The World's Biggest Pawn Shop, Part 2

Perhaps a better title would be:  Whadda you lookin' at!?!

In a replay of September 15, the Fed has essentially offered to swap out US dollars for all the crappy collateral the rest of the world can throw our way.  Below, in its entirety, is my analysis from the last time.  Turn off CNBC and read; I promise it's worth the 10 minutes.

Nothing has changed except the numbers, which are much bigger this time.  The punchline?  These things boost markets for a couple days, then look out below.  These are the interventions I found last go 'round:

                                                                         SPX              DX

                       December 12, 2007                 1512              75.92
                       low/high next 3 days               1445              77.49
                       low/high next 35 days             1270              77.85

                        May 9, 2010                            1164              83.07
                        low/high next 3 day                1156              85.57
                        low/high next 30 days             1011              88.91

                        Aug 24, 2011                          1208              73.72
                        low/high next 3 day                1121              74.55
                        low/high next 35 days             1121              78.30
                                  (so far)

When the September 15 intervention occurred, I concluded that "today's rally isn't justified."  Sure enough, the 21 points we gained that day (and 11 the next) were followed by a 1-wk 100-pt plunge.  Twelve sessions later, we had lost 146 points to the 1074 low.

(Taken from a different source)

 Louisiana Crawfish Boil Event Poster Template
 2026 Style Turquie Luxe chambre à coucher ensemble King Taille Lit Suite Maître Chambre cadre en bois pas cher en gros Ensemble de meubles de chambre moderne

The lesson here is that if things are so bad that the Fed needs to resort to these measures, then things are very bad indeed (duh!)  And, it's probably just a matter of days (Friday is day 150) before the rest of the world gets it.



The World's Biggest Pawn Shop 

Sept 15, 2011

On a day when Marketwatch warns...

...the Federal Reserve goes out of its way to increase US exposure to Europe's debt crisis.

The good news is they'll be able to pay us back the money they owe us.   The bad news is, they need to borrow $500,000,000,000 from us in order to do it. 

This puts the "pawn" in Ponzi.

We first started this back on December 12, 2007.  From the NY Fed's research publication Current Issues in Economics and Finance, Apr 23, 2010:

We took Euros and Swiss Francs and Japanese Yen and NZ Dollars that no one wanted and gave them US Dollars in exchange.  These central banks could loan these valuable greenbacks to their financial institutions who would (theoretically) lend them out to (theoretically) worthy borrowers -- keeping liquidity alive and jumpstarting the economy.  It would also (theoretically) put a floor under the foreign currencies' values and keep them viable in the global finance marketplace. 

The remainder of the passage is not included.